Les fauves gisant là, noyés, faisaient penser, le soir,

Aux confins de son territoire, à des oignons sauvages déracinés.

1- . Au milieu du XXe siècle encore, les Bédouins, lorsqu’ils invitaient quelqu’un sous leur tente, lui disaient « Je t’offre de la viande et du gras », pour dire : « Je sacrifierai une chamelle pour toi. » Voir W. Thesiger, Le Désert des déserts, Paris, Plon, « Terre humaine », 1978, p. 210.

2- . Allusion au jeu du maysir, dont l’enjeu était un chameau découpé en dix parts. Grâce à deux flèches dont l’une rapportait sept parts et l’autre trois, le joueur pouvait gagner les dix parts du chameau, soit le chameau tout entier (voir notre Présentation, supra, p. 32-34). Aussi le texte arabe parle-t-il des « dix morceaux du cœur » que la femme conquiert grâce aux deux flèches de son regard, métaphore que nous avons tenté de rendre aussi bien que possible, en optant pour « quatre quartiers ».

3- . À propos de cette coiffure, voir notre Présentation, supra, p. 56-57.

4- . Ces vers de sable sont blancs et ont la tête rousse, évoquant ainsi les doigts blancs et teintés de henné.

5- . Littéralement, « les cure-dents de l’Ishil ». Ces cure-dents sont des ramilles assez épaisses de l’arbuste en question ; ils sont donc sans rapport, du point de vue de leur forme, avec les minces et rigides bâtonnets de nos cure-dents européens.
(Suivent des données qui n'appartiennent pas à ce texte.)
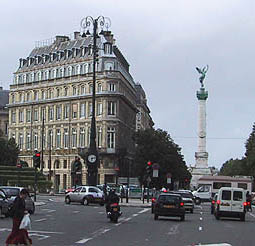 maison du vin and statue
6- . Ce vers semble implicitement faire allusion à un rite de passage à la suite duquel la fillette changeait de type de vêtement pour faire voir qu’elle était désormais nubile, et donc susceptible d’être demandée en mariage. Notons que, de nos jours encore, le voile n’est en principe recommandé qu’aux jeunes filles nubiles.

7- . Les vers 48-51 sont réputés avoir été à tort introduits dans cette Mu‘allaqa. Ils sont attribués à un autre poète du nom de Ta’abbata Charran, et sont absents de certaines recensions du poème d’Imru’ al-Qays.